You will observe that $(100^{1}+1) \times(100^{2}+1)$ ... X... $(100^{2^{n}}+1)$ will have $2^{n+1}-1$ digits with $2^{n}$ ones.

Thus, the expansion has $2^{7}$ = $\boxed{128 ones }$

Moderator note:

How do you know it works for all such integers?

Ok!, see the other way round!!

101 = $10^{2}+1$

10001 = $10^{4}+1$

If we multiply just these two, we get $(10^{2}+1)$ X $(10^{4}+1$ ) = $(10^{6})$ + $(10^{4})$ + $(10^{2})$ +1 .

Hence, it will have $(2^{2}+2^{1}+1)$ digits = $2^{3}-1$ = 7 digits with 4 ones.

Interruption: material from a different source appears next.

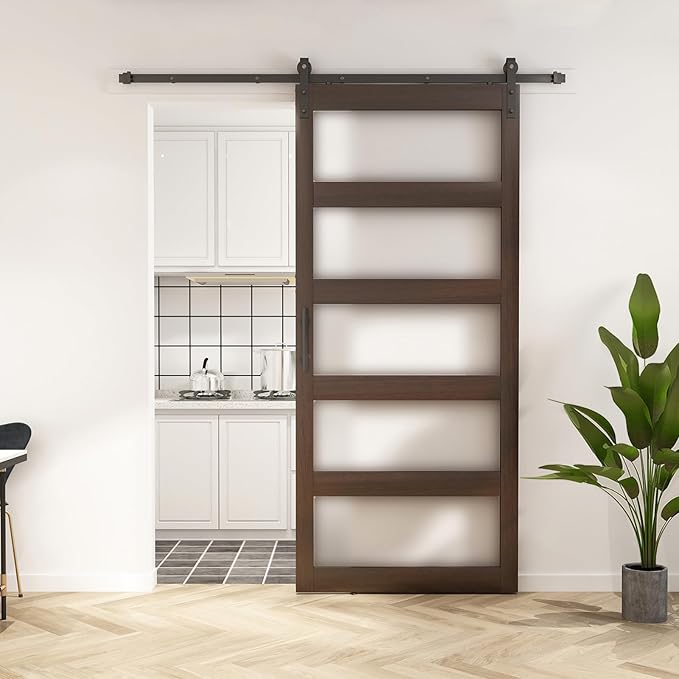 BARNSMITH 42in x 96in Glass Barn Door and 7FT Sliding Door Hardware Included, 5-Panel Frosted Glass Sliding Barn Door, Solid Wood Covered with Water-Proof PVC Surface, Easy Assembly, Brown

Even if you increase the no. of factors, the product will be of the form

$(10^{2^{n}+2^{n-1} ...+.... 2^{2}+2})$ + $(10^{(2^{n}+2^{n-1} ...+.... 2^{2}+2)-2})$ + $(10^{(2^{n}+2^{n-1} ...+.... 2^{2}+2)-4})$ + $(10^{(2^{n}+2^{n-1} ...+.... 2^{2}+2)-6})$ ..... + $(10^{6})$ + $(10^{4})$ + $(10^{2})$ +1

Now, it is clear that, if there are n factors then it will have a total of $(2^{n}+2^{n-1} ...+.... 2^{2}+2+1)$ digits = $2^{n+1}-1$ .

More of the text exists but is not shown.